Hâlbuki bunları en aza indirmek lazım. Bireylerin elinden bu fırsatları, imkânları almak gerekli. Toplumun, gençliğin, kadınların doğruları, gerçekleri görüp kendilerini herhangi bir yanlışa savrulmadan eğitebilmeleri, doğru bir özgürlük çizgisine girip eyleme geçebilmeleri için bu temelde kendilerini eğitmeleri gerekli. Partinin bu eğitim imkânını, fırsatını, onlar için yaratması gerekli.
İşte burada eksikliklerimiz var. Dikkat edelim gerçekten yıllardır söz ediyoruz, karar alıyoruz. Aslında hiç de teşebbüs edilmemiş, bunlar hiç düşünülmemiş değil. Düşünülüyor, konuşuluyor, teşebbüs ediliyor, kararlaştırılıyor, planlanıyor ama uygulanmıyor. Defalarca kararlaştırıp planlama yapılmasına rağmen hiçbirinden sonuç çıkmamıştır.
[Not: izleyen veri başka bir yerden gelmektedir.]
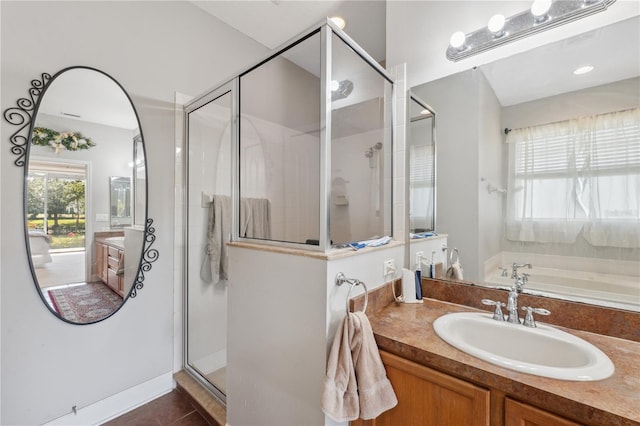 bathroom featuring shower with separate bathtub, tile patterned floors, and vanity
İlkeleri, ölçüleri, hakikati, sahipleri şahsında somutlaştırmada, ifadeye kavuşturmada zayıflığımız var. Neden böyle oluyor? Gerçekten anlamak lazım. Bu soru tartışma konusudur. Gerçekten anlamıyor muyuz? Öyle bir durum olabilir. Biz bu işten korkuyoruz, kaçıyoruz. Çünkü ifade edebilmek zordur. İfade edebilme o gerçekliğe ulaşmış olmayı, o temelde yaşamayı ister. Eğer bunu yapamıyorsak, karar verip planlayıp pratikleştiremiyorsak o halde demek ki bizde zayıflık var.
Diğer yandan bireyci yaklaşımlar etken olabilir, kendine göre anlama, dolayısıyla birçok kendine göre anlayış çatıştığı zaman ortaya tabi bir çalışma çıkmaz, çalışmama çıkar. Bizim durumumuz böyle oluyor. Bu işlerin yapılmasını gerekli görüyoruz. Bunun böyle ortaya konması, görünmesi zor değil, bunu bize yaşam dayatıyor, pratik dayatıyor ama yapılmasına sıra geldiğinde yapamıyoruz. Neden? İşte farklı yapımlar var. Farklılıklar çatışınca denge yaratıyor. İşin yapılmasını engelliyor. Bu da yine kendimize göre yaklaştığımızın, bireyciliğimizin bir göstergesi oluyor. Böyle görmemiz lazım.